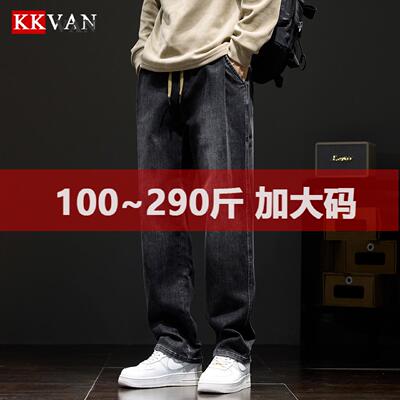 大码男装复古水洗牛仔裤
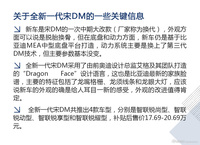 内外大变／加持更前沿技术 体验全新比亚迪宋DM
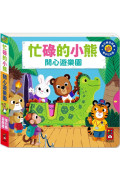 忙碌的小熊：開心遊樂園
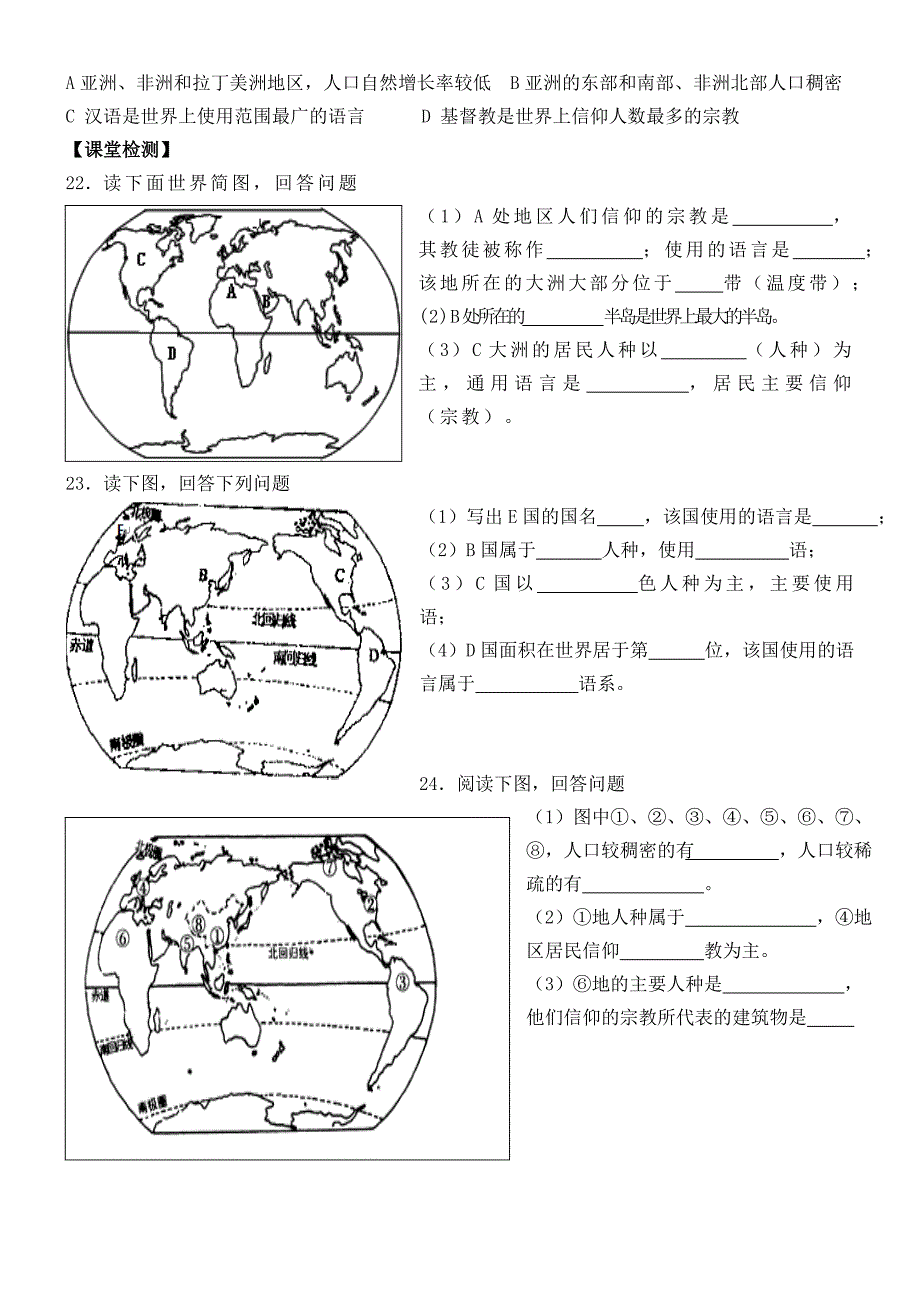 语言和教学案.doc_第2页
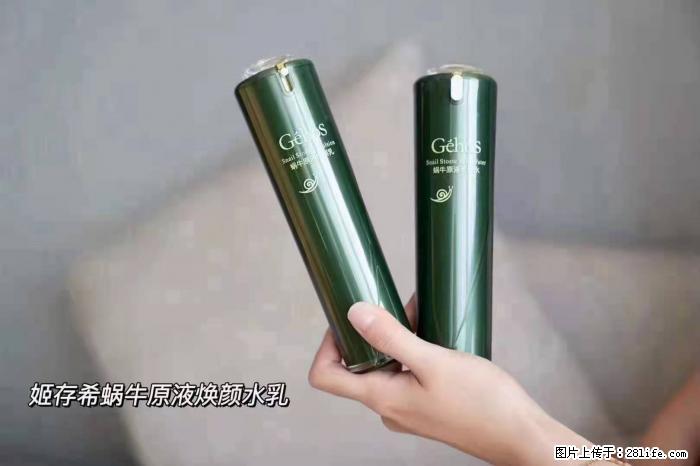 【姬存希】蜗牛原液焕颜水乳 - 生活日用品 - 居家生活 - 衢州分类信息 - 衢州28生活网 quzhou.28life.net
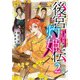 後宮灼姫伝 2 ～妹の身代わりをしていたら、いつの間にか皇帝や将軍に寵愛されています～（スクウェア･エニックス） [電子書籍]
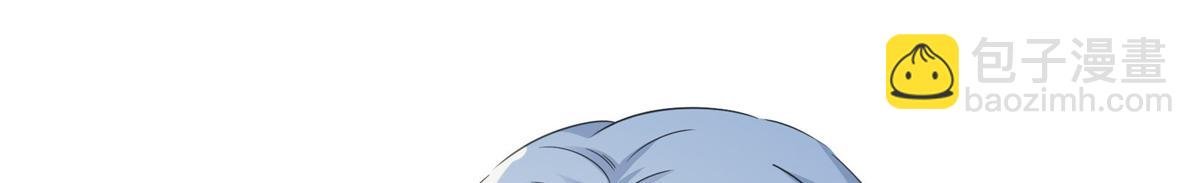 第535话 司夜寒的母亲？
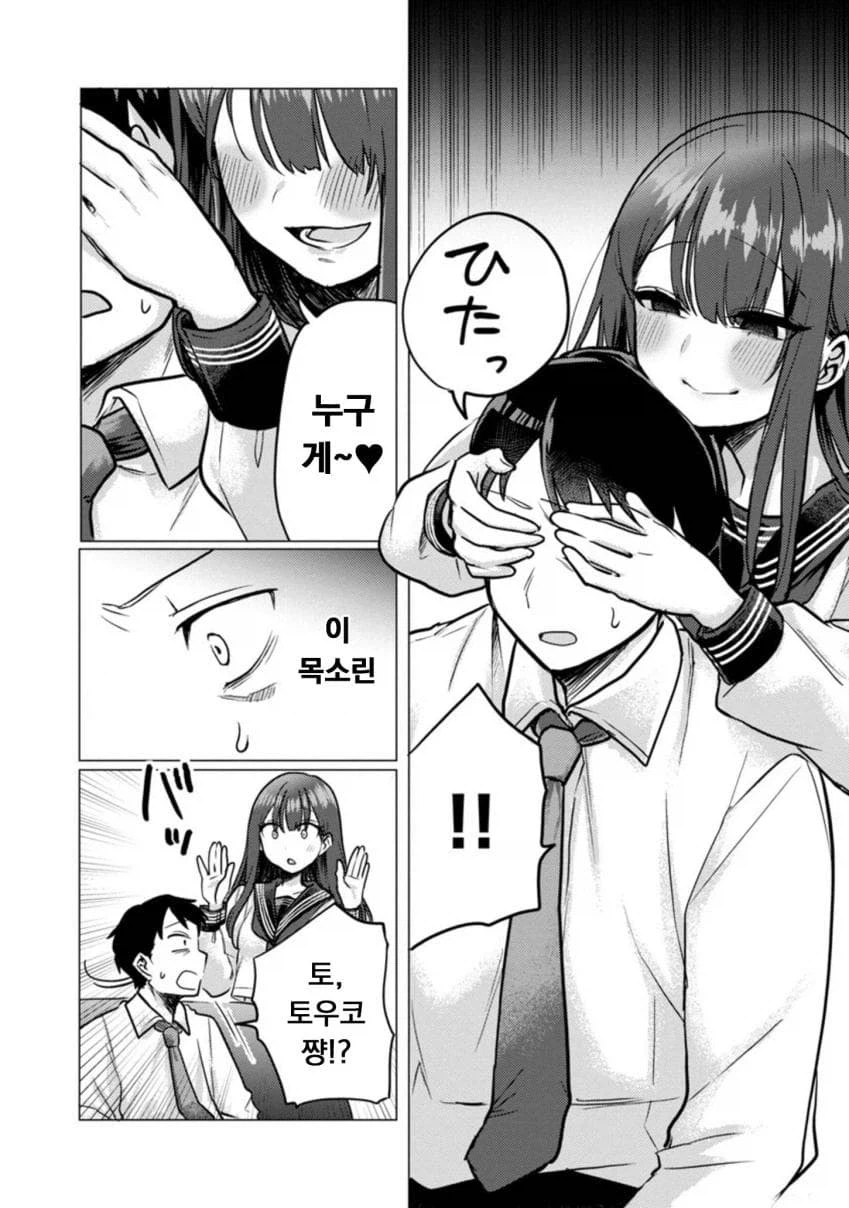 퇴근한 아빠 덮치는 딸래미 manwha_7.webp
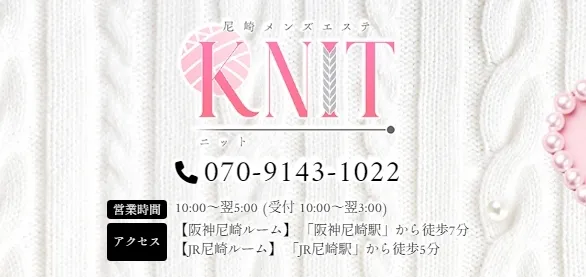 尼崎メンズエステ KNIT(ニット)@knit_esthe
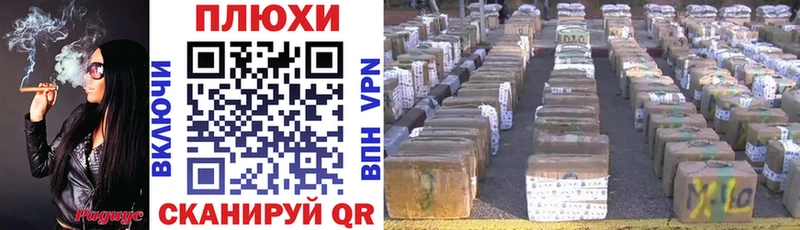 ГАШИШ хэш  наркошоп  Копейск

• REQUIREMENT:
If pictures are present, they are dropped, and the entries above are written out word for word.

• YOUR SOLUTION:
 大码男装复古水洗牛仔裤
 内外大变／加持更前沿技术 体验全新比亚迪宋DM
 忙碌的小熊：開心遊樂園
 语言和教学案.doc_第2页
 【姬存希】蜗牛原液焕颜水乳 - 生活日用品 - 居家生活 - 衢州分类信息 - 衢州28生活网 quzhou.28life.net
 後宮灼姫伝 2 ～妹の身代わりをしていたら、いつの間にか皇帝や将軍に寵愛されています～（スクウェア･エニックス） [電子書籍]
 第535话 司夜寒的母亲？
 퇴근한 아빠 덮치는 딸래미 manwha_7.webp
 尼崎メンズエステ KNIT(ニット)@knit_esthe
 ГАШИШ хэш  наркошоп  Копейск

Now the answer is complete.